▸ **Task objective**
Keep the lines exact and the pictures out as you repeat the following listing.

Segment Start: Dataset content

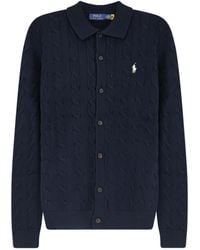Polo Ralph Lauren - Cable Knit Logo Cardigan - Lyst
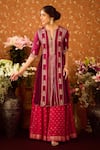 Buy_Shyam Narayan Prasad_Purple Viscose Silk Brocade Embroidery Floral Notched Bloom Kurta Sharara Set _Online_at_Aza_Fashions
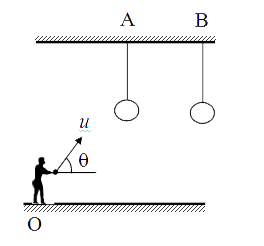 Two rings are suspended from the points A and B on the ceiling of a room with the help of strings of length 1.2 m each as shown. The points A and B are separated from each other by a distance AB = 1.2 m. A boy standing on the floor throws a small ball so that it passes through the two rings whose diameter is slightly greater than the ball. At the moment when the boy throws the ball, his hand is at a height of 1.0 m above the floor. A stop watch which is switched on at the moment of throwing the ball reads 0.2 s when the ball passes through the first ring and 0.6 s when it passes through the second ring.         The projection speed of the ball is:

Segment End: Dataset content

▸ **Your response**
Polo Ralph Lauren - Cable Knit Logo Cardigan - Lyst
 Buy_Shyam Narayan Prasad_Purple Viscose Silk Brocade Embroidery Floral Notched Bloom Kurta Sharara Set _Online_at_Aza_Fashions
 Two rings are suspended from the points A and B on the ceiling of a room with the help of strings of length 1.2 m each as shown. The points A and B are separated from each other by a distance AB = 1.2 m. A boy standing on the floor throws a small ball so that it passes through the two rings whose diameter is slightly greater than the ball. At the moment when the boy throws the ball, his hand is at a height of 1.0 m above the floor. A stop watch which is switched on at the moment of throwing the ball reads 0.2 s when the ball passes through the first ring and 0.6 s when it passes through the second ring.         The projection speed of the ball is:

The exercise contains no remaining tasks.